Comma-separated values (CSV) files are one of the most common data formats. You can use base R or the tidyverse package for efficient imports.
Using Base R:
# Import a CSV file
my_data <- read.csv("path/to/your/file.csv")
Using the tidyverse package:
# Install and load the package
install.packages("tidyverse")
library(tidyverse)
# Import a CSV file
my_data <- read_csv("path/to/your/file.csv")
Note: You only need to install either tidyverse or use base R for CSV imports, not both. You can also install packages through RStudio’s point-and-click interface under the “Packages” tab.
For Excel files, you can use the readxl or openxlsx packages.
Using the readxl package:
# Install and load the package
install.packages("readxl")
library(readxl)
# Import an Excel file
my_data <- read_excel("path/to/your/file.xlsx", sheet = 1)
Using the openxlsx package:
# Install and load the package
install.packages("openxlsx")
library(openxlsx)
# Import an Excel file
my_data <- read.xlsx("path/to/your/file.xlsx", sheet = 1)
Note: readxl supports .xls and .xlsx files but does not allow writing files.

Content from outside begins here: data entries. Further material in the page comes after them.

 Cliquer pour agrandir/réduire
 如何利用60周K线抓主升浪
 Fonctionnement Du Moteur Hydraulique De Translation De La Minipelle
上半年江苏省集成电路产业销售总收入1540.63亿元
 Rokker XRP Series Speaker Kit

Use openxlsx for both reading and writing. You can install either package based on your needs.
Stata files have the .dta extension. The haven and foreign packages are popular options.
Using the haven package:
# Install and load the package
install.packages("haven")
library(haven)
# Import a Stata file
my_data <- read_dta("path/to/your/file.dta")

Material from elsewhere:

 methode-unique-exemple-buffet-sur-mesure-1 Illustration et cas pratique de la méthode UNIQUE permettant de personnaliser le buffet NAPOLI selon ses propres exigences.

Using the foreign package:
# Install and load the package
install.packages("foreign")
library(foreign)
# Import a Stata file
my_data <- read.dta("path/to/your/file.dta")

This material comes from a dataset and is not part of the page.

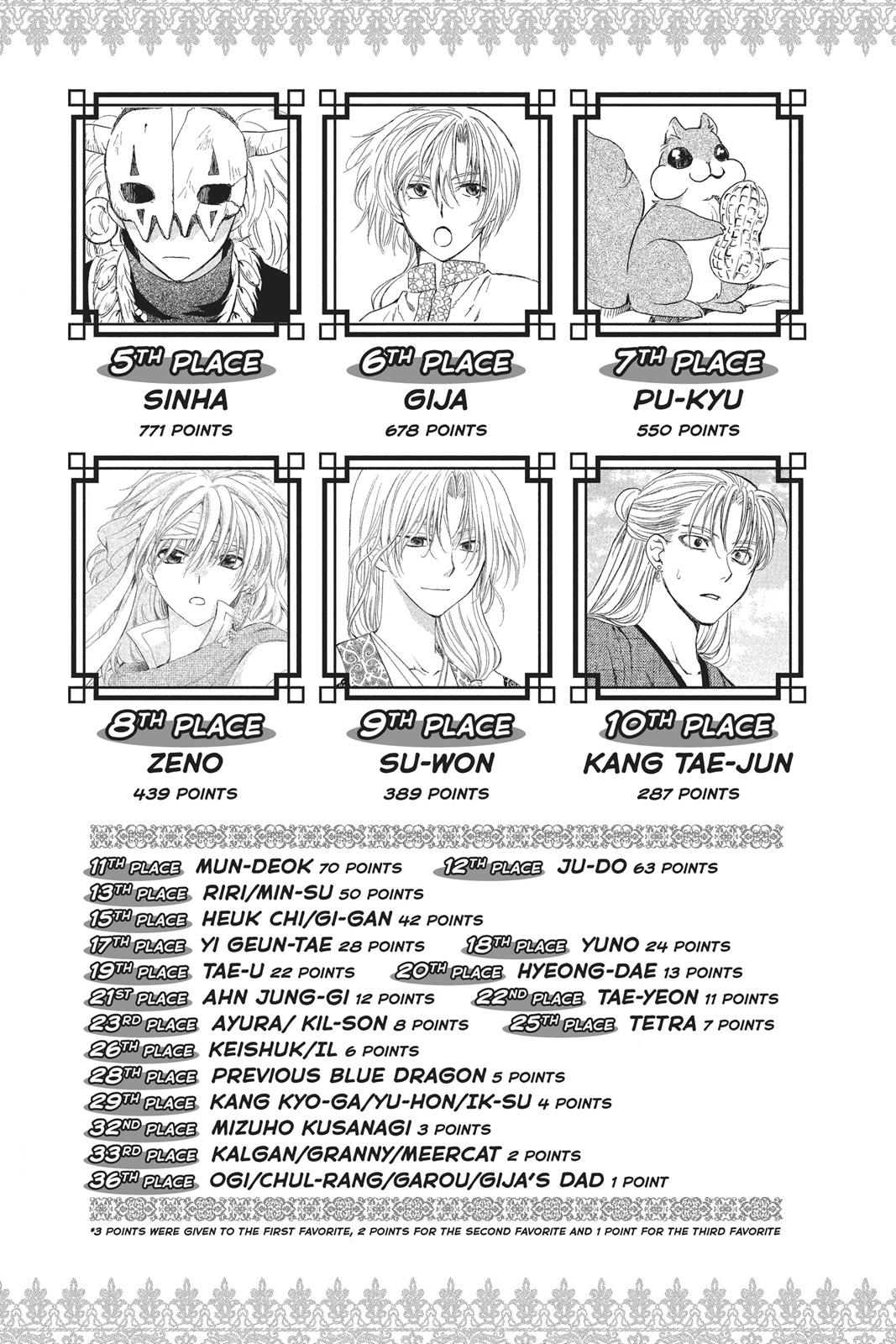 Read Yona of the Dawn En Manga Online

Tip: The haven package preserves variable labels, making it ideal for social science data.
R has extensive support for various file types. Here are some general tips to handle potential issues:
Missing Packages: Install missing packages using
install.packages()
. You can also use RStudio’s “Packages”
tab for easy installation.
File Encoding: For files with special characters, specify the
encoding. Example:
read.csv("file.csv", fileEncoding = "UTF-8")
.
Large Files: Use the data.table or vroom package for efficient handling of large datasets.
install.packages("data.table")
library(data.table)
large_data <- fread("path/to/large_file.csv")
For SPSS files: Use read_sav()
from the haven
package.
For JSON: Use the jsonlite package.
For SQL Databases: Use the DBI and RSQLite packages.